**Instructions for the task**
Once the pictures have been excluded, set down each remaining entry word for word.

**Material provided**
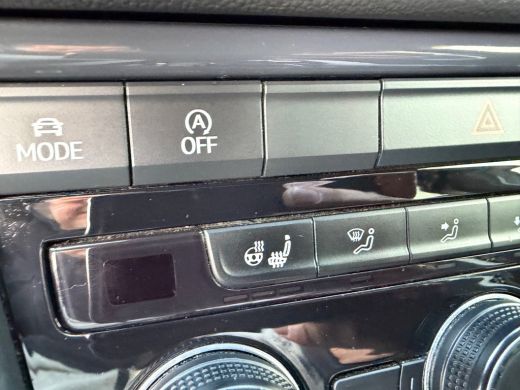 Volkswagen T-Roc 1.5 TSI Sport Stuur/Stoelverwarming ActivLease financial lease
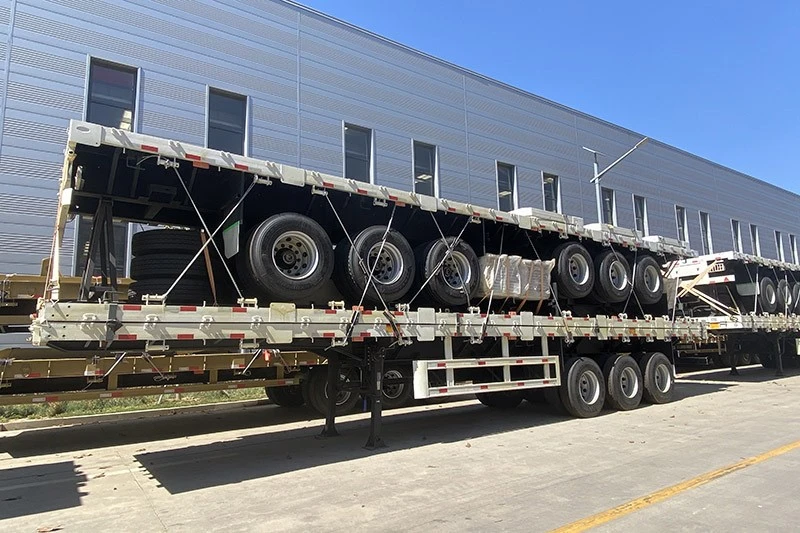 3 Axles 40ft Flatbed Trailer 3 Axles 40ft Flatbed Trailer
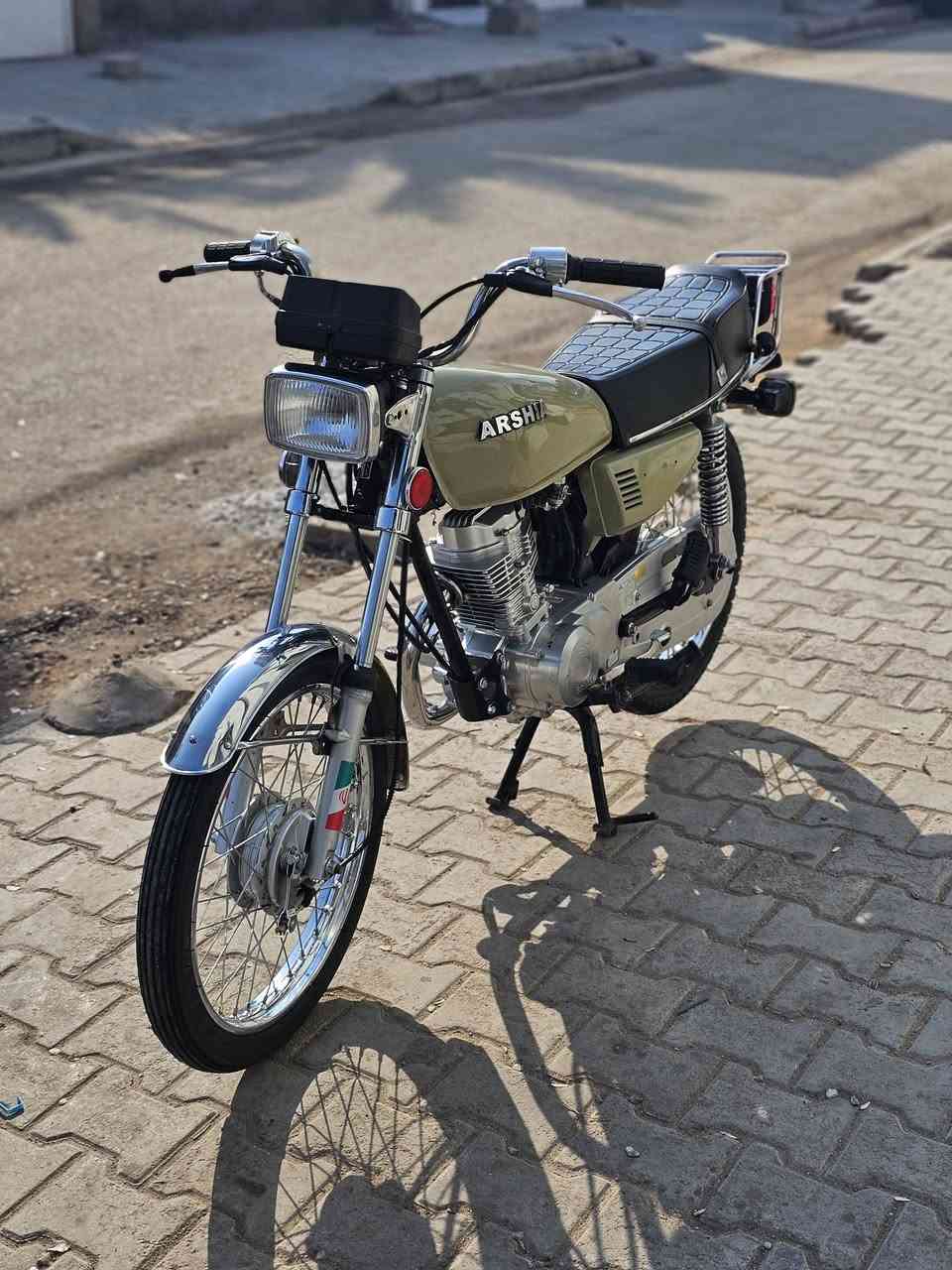 ارشا ليفان٢٠١٣ احمد شهاب للبيع بلاد مو تعمير نقص اشاير وعلامه اماميه فقط كله شغال ٩٠٠ وبيها مجال *********** مكان كربلاء حي الغامل
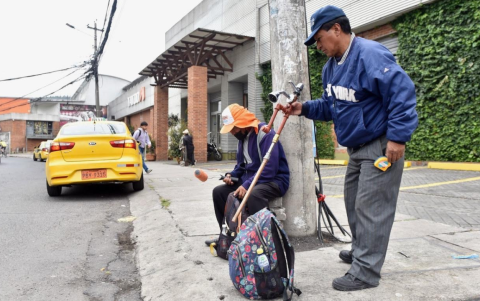 En la 6 de Diciembre y Granados, norte de Quito, hombres esperan con herramientas, en busca de trabajos ocasionales.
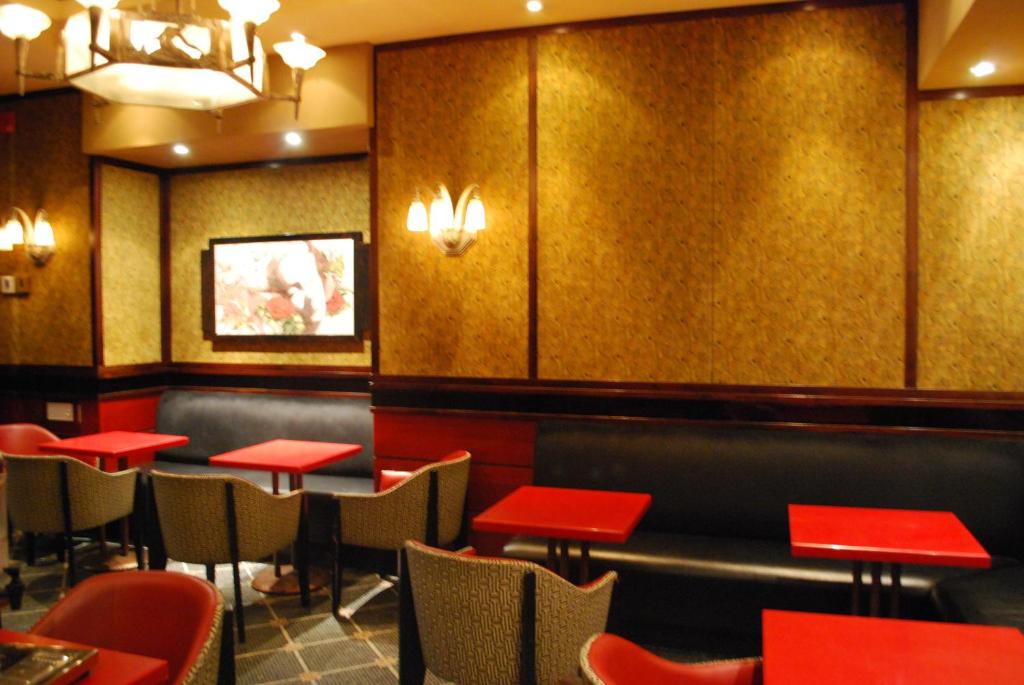 Uma área de estar em Washington Square Hotel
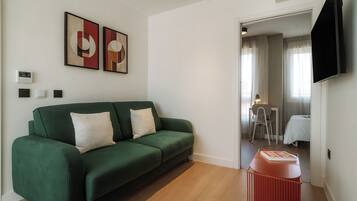 Apartemen, 1 kamar tidur, difabel mobilitas, balkon | Area keluarga | Televisi 50-cm dengan saluran TV kabel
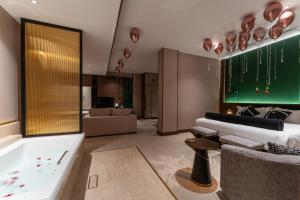 lilac park hotel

**Answer to the exercise**
 Volkswagen T-Roc 1.5 TSI Sport Stuur/Stoelverwarming ActivLease financial lease
 3 Axles 40ft Flatbed Trailer 3 Axles 40ft Flatbed Trailer
 ارشا ليفان٢٠١٣ احمد شهاب للبيع بلاد مو تعمير نقص اشاير وعلامه اماميه فقط كله شغال ٩٠٠ وبيها مجال *********** مكان كربلاء حي الغامل
 En la 6 de Diciembre y Granados, norte de Quito, hombres esperan con herramientas, en busca de trabajos ocasionales.
 Uma área de estar em Washington Square Hotel
 Apartemen, 1 kamar tidur, difabel mobilitas, balkon | Area keluarga | Televisi 50-cm dengan saluran TV kabel
 lilac park hotel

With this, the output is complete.